Probably Thomas Keller’s The French Laundry Cookbook. It came out in 1999, at the earlier part of my career, and it inspired me again when I put my own book together. When I went through it as a cook, I found so much information tucked into the recipes and headnotes, little techniques like peeling the favas before you blanch them, which I still do to this day. I was also cooking with people who had worked at the French Laundry, people who wore the blue apron, and I had heard of the French Laundry but had never been, so that blue apron became like the mark of Thomas, I was so curious about what went on there. People who trained me had told me to peel favas, but no one had ever explained why. In the book he explained that the peel traps gases that will brown the beans when they’re cooked, so peeling them helps them stay greener. Little things like that, from this absolute perfectionist who takes everything to the thousandth degree, all helped shape how I cook today. When I worked on our SPQR book, I wanted to get as many explanations behind our techniques into the recipes and headnotes as I could.

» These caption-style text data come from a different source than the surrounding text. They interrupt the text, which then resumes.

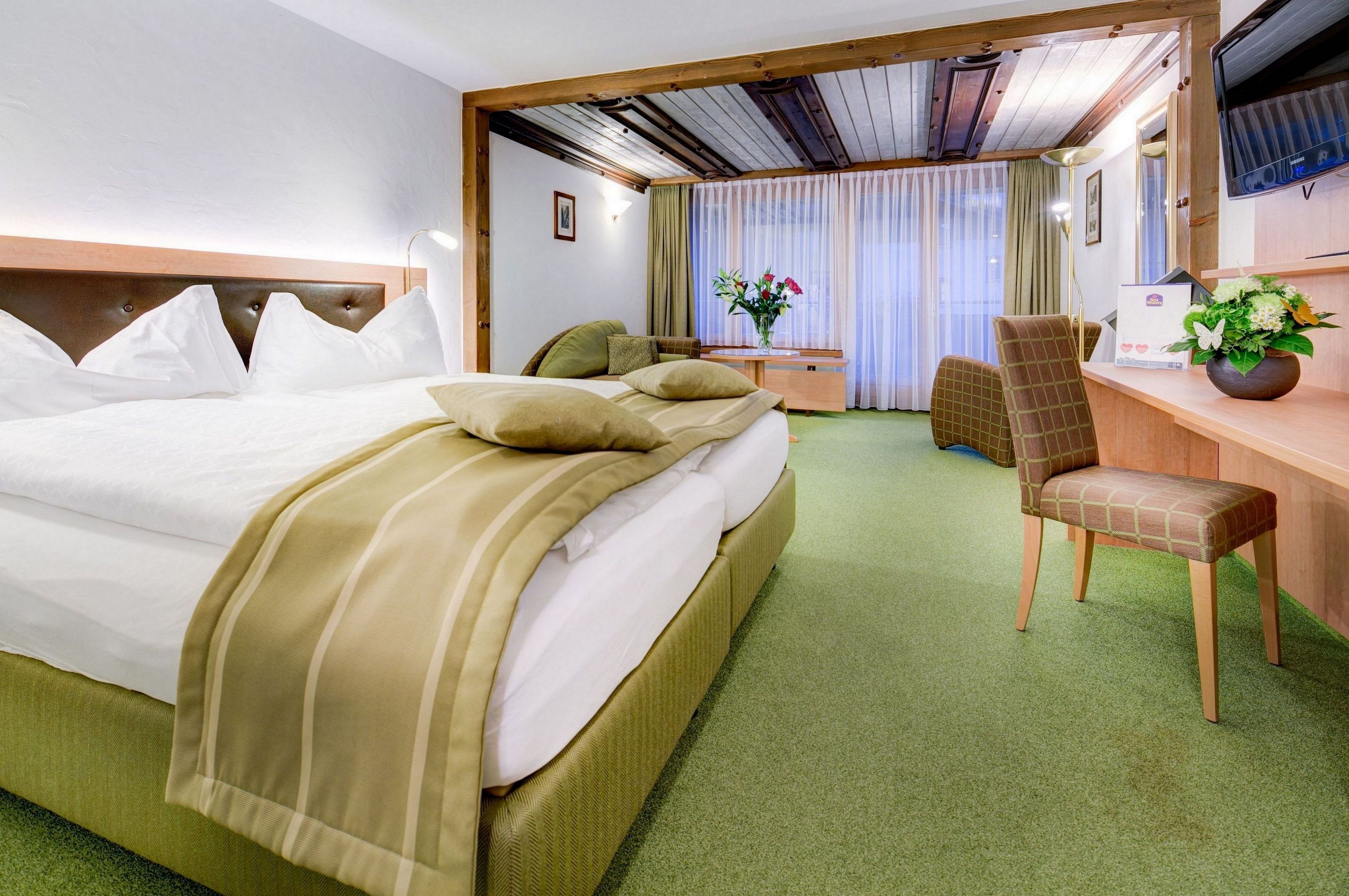 Hotel Alpen Resort & SPA by null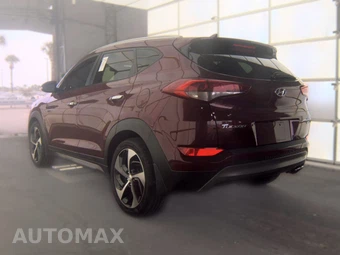 2016 Hyundai Tucson Limited – miniatura 8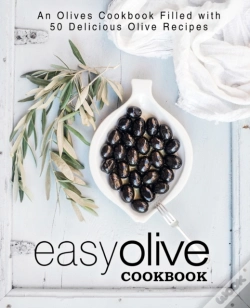 Capa do artigo Easy Olive Cookbook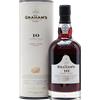 Porto Graham's 10 Years Old Tawny 75cl (Astucciato) - Vini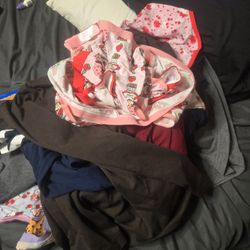 Plus Size Shirts Womans And Mens And Womans Panties Panties Are New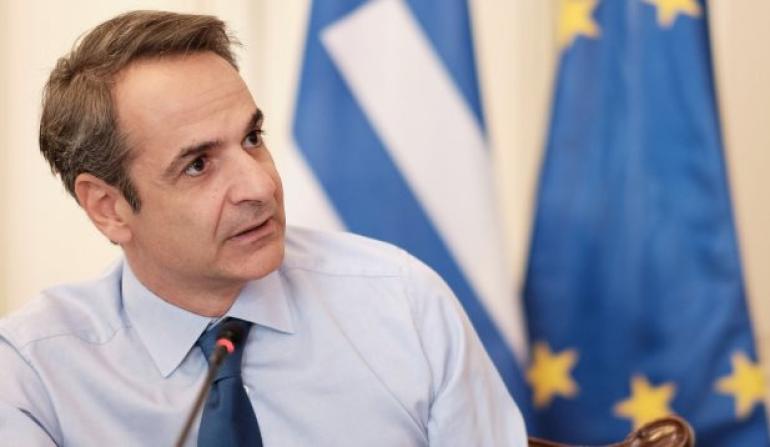 Μητσοτάκης από Βρυξέλλες: «Η “καρδιά” της Ελλάδας χτυπά στη Λοριάν, υποδεχόμαστε την πρώτη Belh@rra»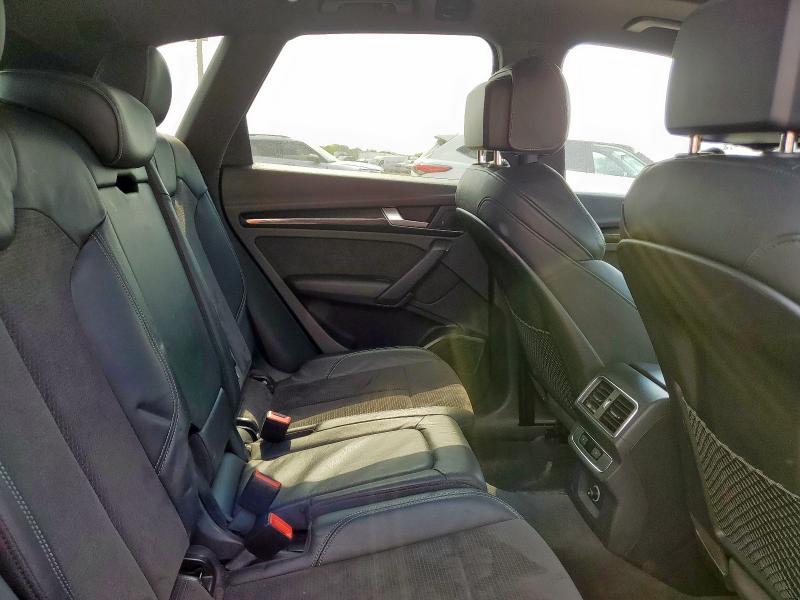 Photo 10 from auction – 2018 AUDI SQ5 PREMIUM PLUS with VIN WA1A4AFY3J2019797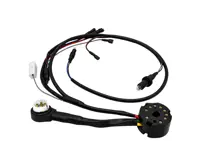 Ignition switch wiring harness loom. Porsche 911 1987 to 1989 91161201135 - 91161201135 - RD-911.612.011.35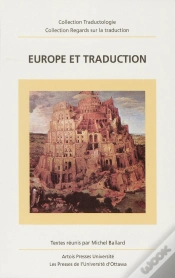 Capa do artigo Europe Et Traduction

What’s one technique everyone should know?
How to use xanthan gum. It can add viscosity to just about anything that has water in it, without requiring any heat. It doesn’t taste like anything, either—it’s pretty magical. And it’s inexpensive. Asian markets tend to have it or you can find it easily online. It will thicken up a vinaigrette so that you don’t have to add as much oil. You usually mix it in with a blender, by adding it to the water-based parts of your sauce or vinaigrette (to thicken a vinaigrette, I would add the xanthan gum to the vinegar before adding the oil). You can also mix it in with a whisk, you just have to be careful you don’t clump it up. It’s something you literally use by the pinch. So if I wanted a cup of dressing, I’d blend a pinch of xanthan gum into about 1/3 cup of vinegar. But it can thicken anything. You can turn fresh cucumber juice or watermelon juice into a beautiful sauce without having to heat it.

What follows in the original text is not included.